Faute d’accord, l’employeur peut licencier la salariée pour faute

La salariée est alors licenciée pour faute grave. Elle conteste son licenciement en saisissant le conseil de prud’hommes de Paris.

Ce dernier donne raison à l’employeur et retient la faute grave de la salariée. Pour ce faire, il s’appuie sur des arguments de deux ordres :

  • en premier lieu, et c’est là l’originalité et l’intérêt majeur de cette décision, il s’appuie sur les risques encourus par la société du fait de l’activité de la salariée sur le territoire canadien : les juges du fond relèvent en effet que cette activité s’exerçait sans aucune autorisation des autorités canadiennes et en violation des règles sur le règlement général sur la protection des données (RGPD) ;
  • en second lieu, il relève un certain nombre de faits qui constituent, de la part de la salariée, une violation des obligations résultant de son contrat de travail : le fait de ne pas avoir recueilli l’accord préalable de son employeur pour télétravailler depuis le Canada, d’avoir adopté une attitude déloyale en lui dissimulant ce télétravail depuis ce pays et de ne pas avoir repris son poste en présentiel malgré une mise en demeure en ce sens.

A noter :

Quels sont les risques pour l’employeur visés par le conseil de prud’hommes de Paris ?

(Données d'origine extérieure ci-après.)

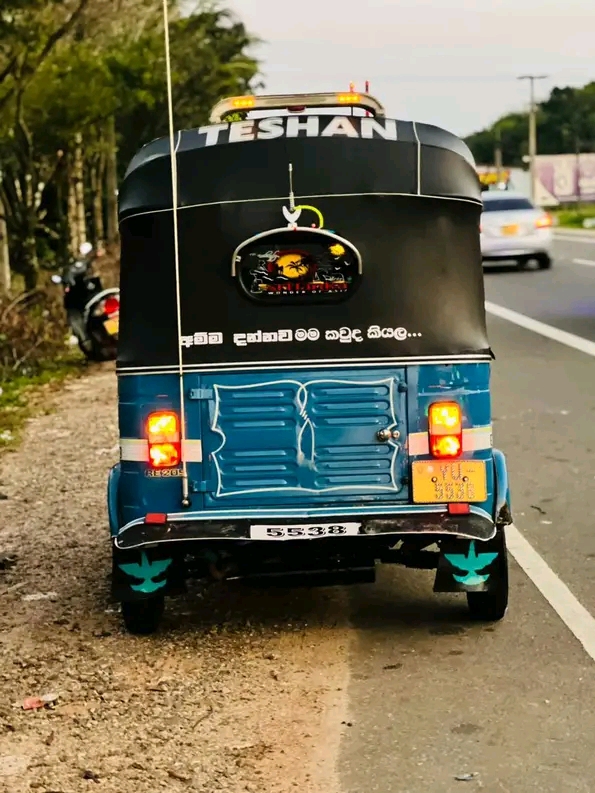 Bajaj Three Wheel 2011 - Used Three wheeler sale in Sri Lanka - patpat.lk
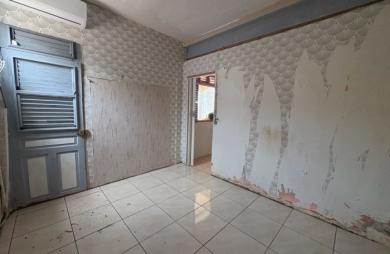 Maison de bourg de plain-pied à rénover   Le François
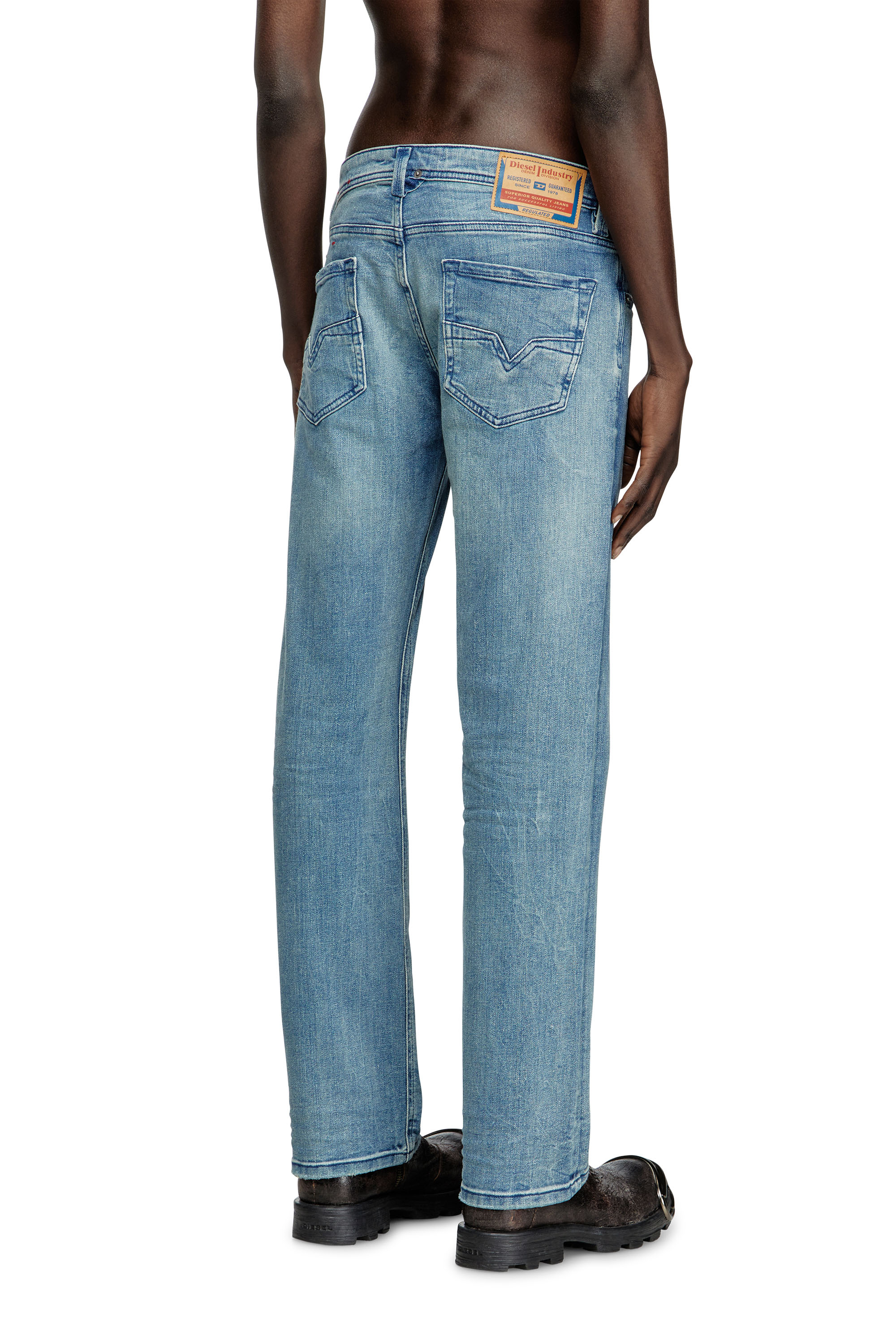 Diesel - Herren Regular Jeans 1985 Larkee 0BMBW, Mittelblau - 4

Il s’agit tout d’abord des règles de droit applicables au travail des étrangers dans le pays où s’exerce le télétravail. De nombreux pays exigent en effet que les travailleurs étrangers disposent d’une autorisation administrative pour exercer une activité sur leur sol. Le fait, pour l’employeur, de ne pas avoir demandé/obtenu cette autorisation peut l’exposer à des sanctions.

Il s’agit ensuite du non-respect des règles issues du RGPD. Ce règlement européen encadre, sur le territoire de l’Union européenne (UE), la protection des données utilisées par les travailleurs. La dissimulation d’une activité s’exerçant hors UE emporte un risque de non-conformité par l’employeur. En effet, les responsables de traitement peuvent transférer des données hors de l'UE à condition d'assurer un niveau de protection des données suffisant et approprié. Ils doivent encadrer ces transferts en utilisant les différents outils juridiques définis par le RGPD. Or, en l’espèce, l'employeur n'étant pas au courant du télétravail hors UE n'avait pas pu prendre les précautions nécessaires et on peut penser que la salariée, qui exerçait le métier d’analyste flux et conformité, manipulait des données personnelles de clients.

Enfin, bien que les juges du fond ne l’évoquent pas, il pourrait aussi y avoir d’autres risques, notamment en matière de sécurité sociale (règles d’affiliation, difficultés en cas d’accident du travail, etc.).

Quelle portée accorder à cette décision ?

Même si les risques pour l’employeur soulevés dans cette affaire par les juges du fond sont réels, il faut faire attention à ne pas surestimer la portée de cette décision.

Tout d’abord, ces risques nous semblent circonscrits à une situation de télétravail régulier hors UE. En effet, le respect du RGPD s’applique sur tout le territoire de l’UE (il n'y a donc pas de problématique de transfert de données hors UE), et les travailleurs européens peuvent s’établir et travailler librement sur ce territoire.

Ensuite, il est difficile de savoir ce qui, dans les faits de l’espèce, a été décisif pour les juges du fond : quand bien même ils ont mis en avant les risques pour l’employeur dans la motivation de leur décision, on peut se demander si le seul comportement de la salariée (manquements évoqués ci-dessus) n’aurait pas suffi à retenir la faute grave ou, à tout le moins, une faute simple constitutive d’une cause réelle et sérieuse de licenciement.

A notre avis :

Dans tous les cas, on ne peut que conseiller aux employeurs d’encadrer très précisément les pratiques qu’ils autorisent ou non en matière de télétravail (possibilité de télétravailler depuis un autre lieu que le domicile ; information de l’employeur sur le lieu de télétravail ; possibilité ou non de télétravailler depuis l’étranger et, si oui, dans quelles conditions ; obligation de se rendre disponible pour revenir sur site dans un certain délai ; etc.).